Fotocredit: Bastian Bochinski

Wir hören von seiner Essstörung, von der Zuckersucht, von der Scham, wenn man Freunden die Süßigkeiten weg frisst, von den Schwierigkeiten, sich den Arsch abzuwischen. Auf der einen Seite stehen die Maßlosigkeit, das exzessive Leben, die Gier nach immer mehr und nach Leben. Auf der anderen Seite der Wunsch, etwas daran zu ändern, eine Waage zu finden, die mehr als 160 Kilo anzeigt, mit den Kumpels beim Paragliding mitzumachen.

Und plötzlich geht es um Selbstdisziplin, um den Wunsch, etwas zu ändern. Fitnessstudio, Ernährungsberatung, Sport, Kalorienzählen, das ganze drum und dran. So wird die Biografie über zwei erstaunliche Lebensjahre und die entsprechenden Hintergründe zu einer Art Selbsthilfebuch. Aber ohne esoterisches Gelaber – allein schon die Wortwahl zwischen Arschloch und Fotze sprechen entschieden dagegen. Die Gefühle auf der Reise zwischen Erfolgen und Rückschlägen werden schonungslos offen gelegt. Und Monchi wird mir als Leser sympathischer, als er es als prolliger Frontmann je gewesen ist. Auch die Familie – vor allem die Eltern – spielen eine Rolle und machen diese seltsame Reise sehr emotional.

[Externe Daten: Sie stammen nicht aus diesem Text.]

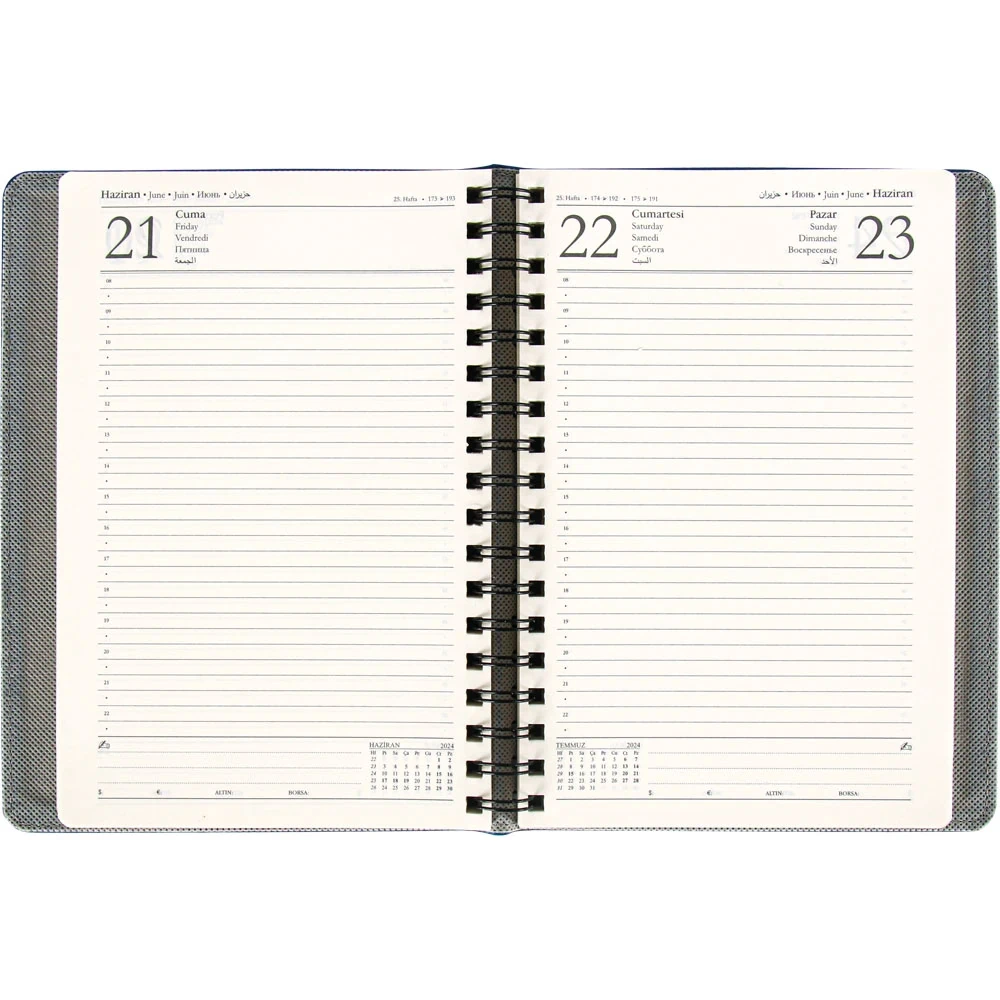 Şekerpınar-S Gizli Spiralli Günlük Ajanda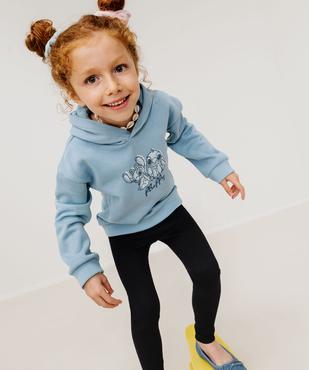 Sweat à capuche en molleton imprimé fille - Stitch vue1 - LILO & STITCH - GEMO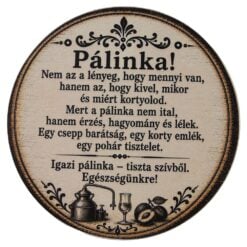 Suport din lemn cu sticla si 6 pahare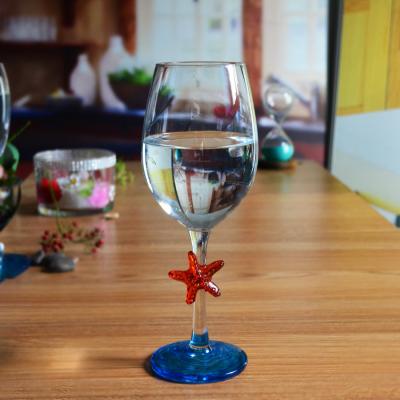 Cina Festa creativa di Crystal Wine Glass For Summer del gambo dell'animale di mare in vendita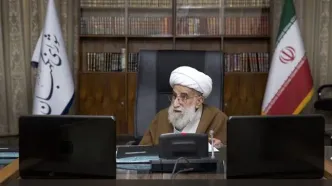 عکسی از جنتیِ ۹۹ ساله در جلسه امروز شورای نگهبان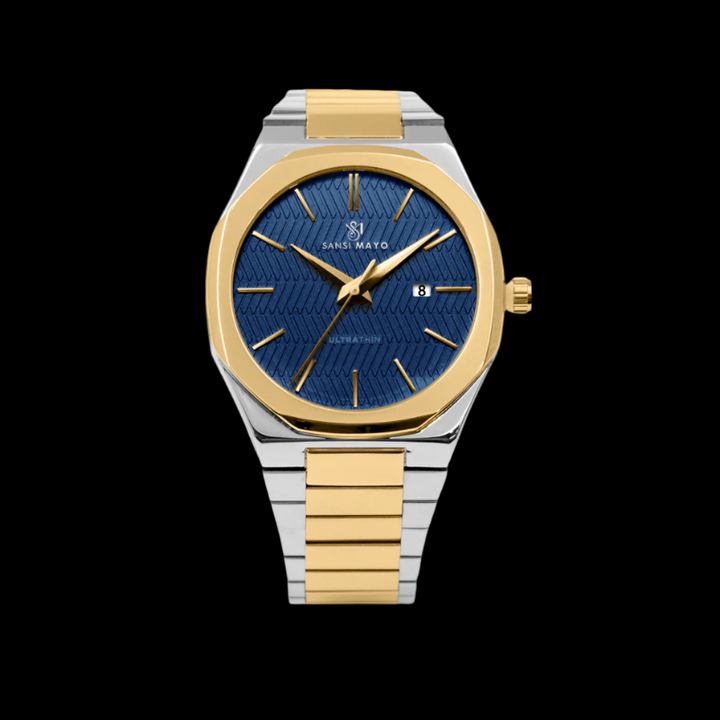 Brauo Navy Blue Analog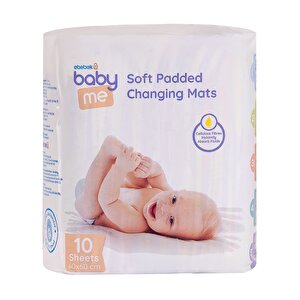 10’lu Pofuduk Alt Değiştirme Örtüsü 60x60 cm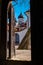 Tallinn, Estonia. View of the dome of the Cathedral of Alexander Nevsky from the entrance to the dome Cathedral. Both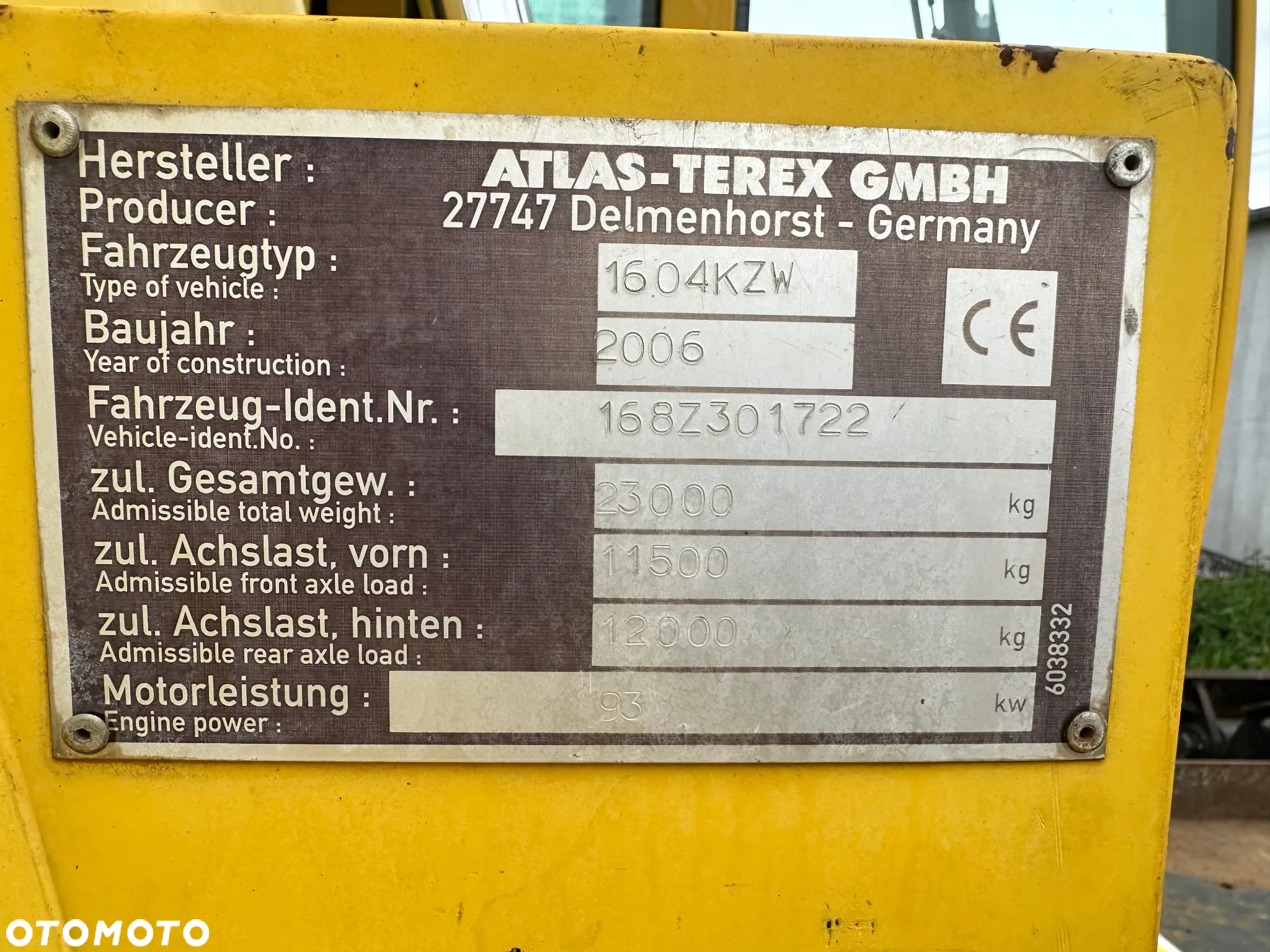 Atlas 1604KZW - 2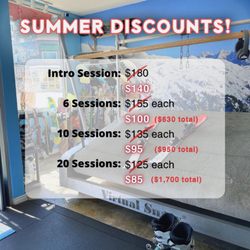Virtual Snow - Major savings on summer training :)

Monchi beschreibt mit schonungsloser Ehrlichkeit und Selbstkritik, wie er es in nur einem Jahr geschafft hat, 65 Kilo abzunehmen, und wie ihn der Kampf gegen die Maßlosigkeit seitdem täglich beschäftigt; mit vielen kleinen Erfolgen, aber genauso vielen Rückschlägen – denn die Herausforderung hat gerade erst begonnen. Auf diesem steinigen Weg ist ein besonderes Buch entstanden, das voller faszinierender Gedanken und Geschichten steckt. Monchi trägt sein großes Herz auf der Zunge – und so schreibt er auch!